Ik bün stracks mit de Iesenbahn to mien Familie kamen.
Moder leeg boomstill mit slaten Ogen in´n Bett. De Ünnerholen twischen Hannchen un mi weer dorüm lies, weer binah en Munkeln. Mit eenmal Moder ehr Stimm: "Erni, ik heff solang op
di tövt! Nu büst du doch noch rechttiedig kamen!"
 
G

Gelöschtes Mitglied 14278

Gast
Hallo Maribu,

mal wieder gern gelesen: Eine tragische Geschichte, wie sie in vielen Familien in jener Zeit hätte spielen können. Der Schluss setzt dem Ganzen noch einen besonders traurigen Akzent auf.

Mein Lieblingsausdruck in diesem Text: "utneiht" - ich kenne so viele Begriffe noch aus meiner Kindheit und freue mich, wenn ich so etwas wieder einmal lese.

Gruß Ciconia
 

Maribu

Mitglied
Hallo Ciconia,

danke für Deine Zeilen und die Bewertung!
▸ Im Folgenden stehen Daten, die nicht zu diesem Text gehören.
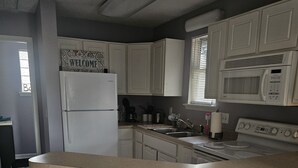 A kitchen with white cabinets, a white refrigerator, a microwave, a sink, and three wooden stools. - Charming, 1-bdrm apt, visit the Marshwalk, Huntington St Pk & Brookgreen Gardens (Murrells Inlet)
Ich habe das Gefühl, dass Mundartliches und Niederdeutsch in der Ll nicht so beachtet wird wie z.B. Kurzgeschichten oder Erzählungen.

Umso mehr freut mich Dein Interesse an der Plattdeutschen Sprache. "utneiht" is ebenso ungewohnt wie he is "doot bleven".
Könnte man ins Hochdeutsche nicht wörtlich übersetzen, weil es dann ziemlich "platt" wäre.

Liebe Grüße
Maribu
 
G

Gelöschtes Mitglied 14278

Gast
Ich habe das Gefühl, dass Mundartliches und Niederdeutsch in der Ll nicht so beachtet wird
Hallo Maribu,

ja das ist wohl so, und das finde ich sehr schade. Wer sich mit Sprache beschäftigt - und das tun wir hier ja alle - sollte eigentlich auch Gefallen an Dialekten und der Niederdeutschen Sprache haben. Ich selbst kann zwar Plattdüütsch seit Kindheitstagen sehr gut verstehen (mündlich und schriftlich), aber leider nicht schreiben.

Also weitermachen - eigentlich sollte es doch genügend Nordlichter in diesem Forum geben, die Dich verstehen müssten!